Across the reported bioinformatics benchmarks, generated implementations ranged from near parity with expert code to substantially faster performance. The important point is not a single 30-fold peak; it is that a reusable compiler can explore optimisation choices that have traditionally depended on scarce manual expertise.
Goenka's research sits between algorithms, compilers and biology. It makes scientific computing itself a research object, with the potential to shorten the path from a new dynamic-programming idea to a performant tool other scientists can use.
FigureAsia selection
Why Sneha Goenka is on the list
Goenka is selected for attacking an invisible but material limit on biological research: the cost of turning an algorithm into efficient software. FILTR is a completed systems contribution with clear benchmarks, reusable abstractions and consequence across more than one sequence-analysis task.
Verified work
The 2025–26 record
FILTR
Introduced a recursive compiler framework separating algorithm, pruning and hardware schedule.
Bioinformatics benchmarks
Reported performance from 0.95× to 30× expert implementations across tested workloads.
Independent laboratory
Established a Princeton programme at the intersection of algorithms, compilers and genomics.
Field context
The work in its field
Bioinformatics depends on dynamic programmes whose theoretical form can be far removed from efficient execution. Compilers can broaden access to optimisations now concentrated in a small number of expert teams.
FigureAsia U35 Assessment
Assessment breakdown
90.3out of 100
Substantive 2025–2026 contribution
17.4 / 20
Introduced a recursive compiler framework separating algorithm, pruning and hardware schedule.

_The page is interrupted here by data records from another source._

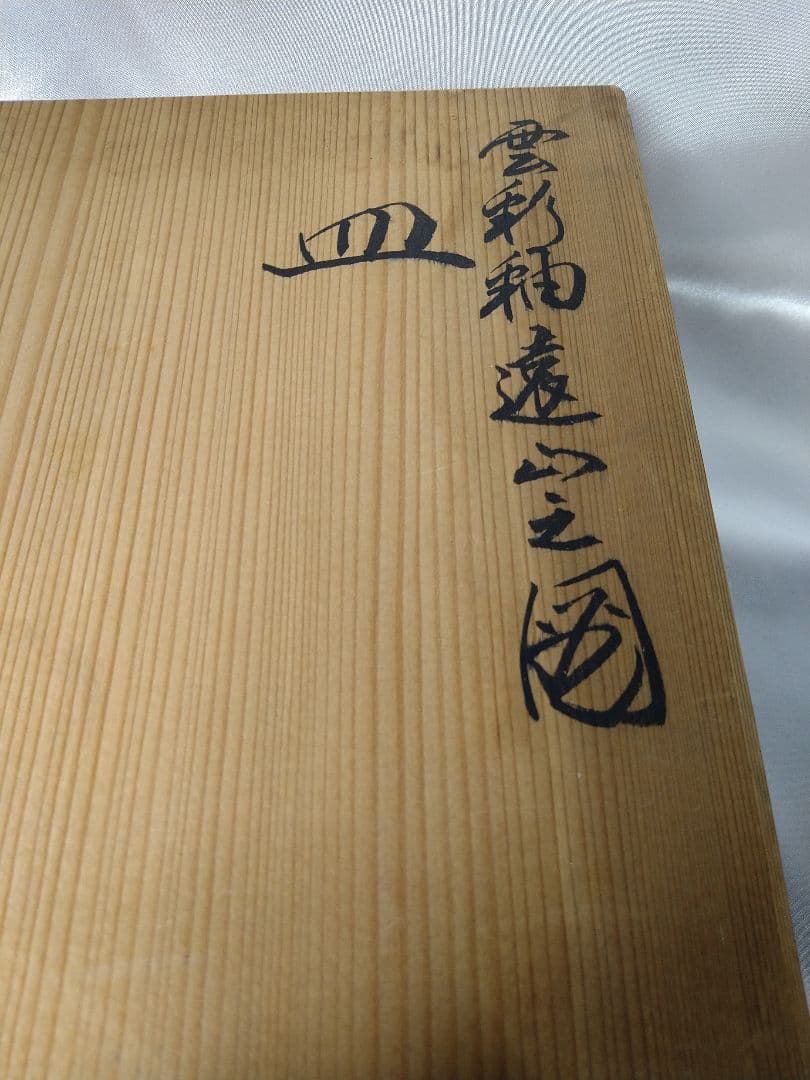 華洛音羽山窯 清水焼 陶器 角皿 雲彩釉遠山之図 美品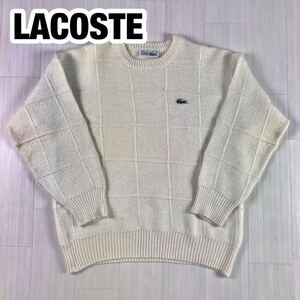 CHEMISE LACOSTE フレンチ ラコステ 長袖ニット セーター 5 アイボリー ワニ フレラコ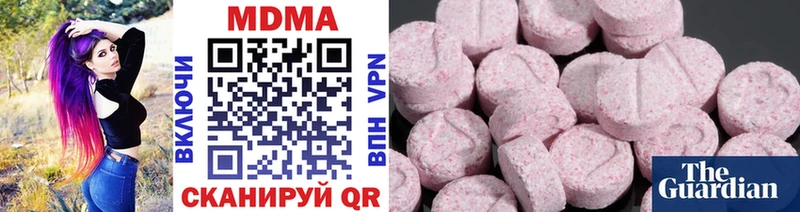 MDMA молли Рошаль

Verified scientific impact
13.4 / 15
FILTR addresses a cross-cutting computational bottleneck and reports concrete performance across multiple biological workloads.

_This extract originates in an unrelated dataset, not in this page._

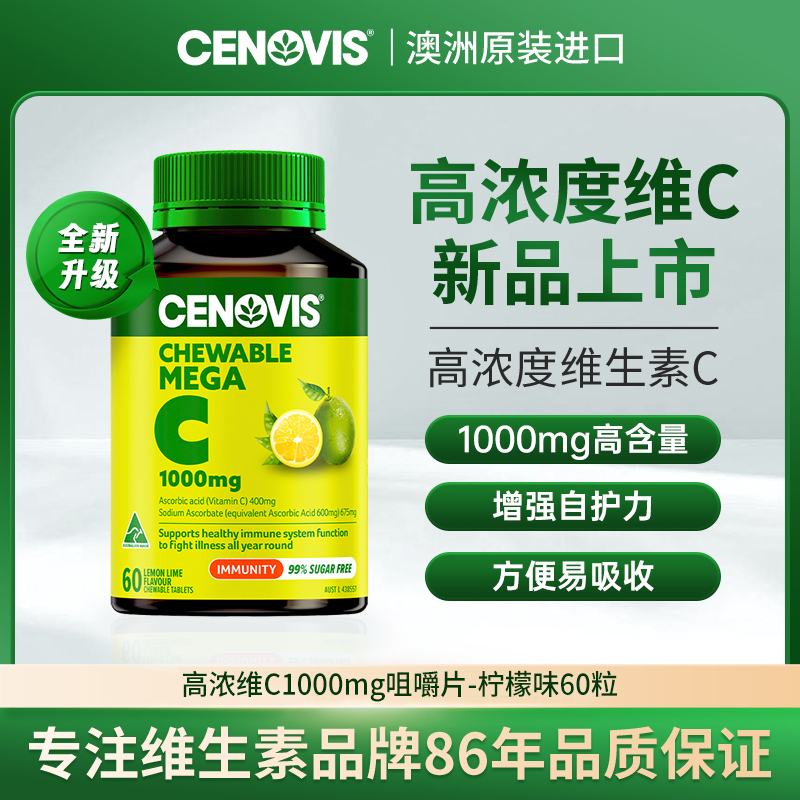 【新品多口味】Cenovis高浓维生素C咀嚼片1000mg60粒/瓶无糖柠檬-tz商品图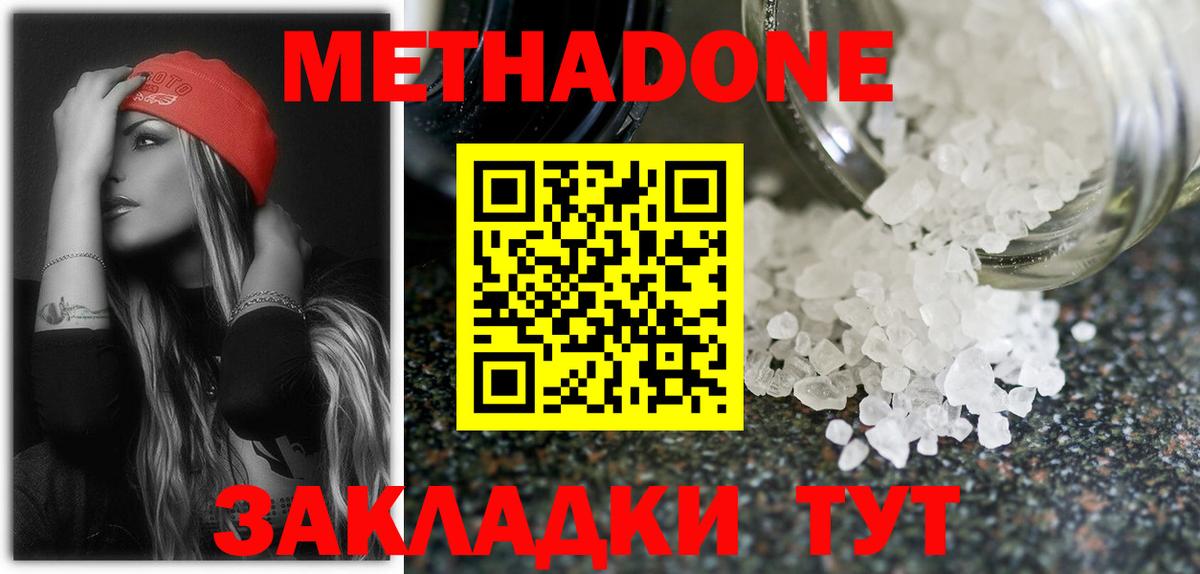 Метадон кристалл Вязники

Originality and distinction
9 / 10
The distinction lies in compiling recursive rules, pruning logic and execution schedules as separable objects.
Field influence
9.1 / 10
Within computational science, the work matters because it shifts a live question in bioinformatics compilers and algorithms rather than merely attracting attention.
Individual agency
9.1 / 10
Goenka leads the research programme and is a principal author of the framework, with implementation credited to the team.
Durability and trajectory
4.6 / 5
As Assistant Professor of Electrical and Computer Engineering at Princeton University, Goenka has a platform to carry the work into its next stage.
Asian significance and global relevance
4.6 / 5
Indian scientist educated at IIT Bombay and now leading computational research at Princeton.
Evidential validity and reproducibility
7.3 / 8
Benchmarks are stated as ranges against named baselines and do not imply universal acceleration.
Advance in scientific knowledge
6.5 / 7
The work shows how domain-specific recursion can be transformed without hard-coding every optimisation.
Translational or methodological utility
4.6 / 5
It can reduce engineering time and expand access to high-performance sequence analysis.
Responsible research stewardship
4.7 / 5
Generated speed remains subordinate to correctness, transparent baselines and reproducible code paths.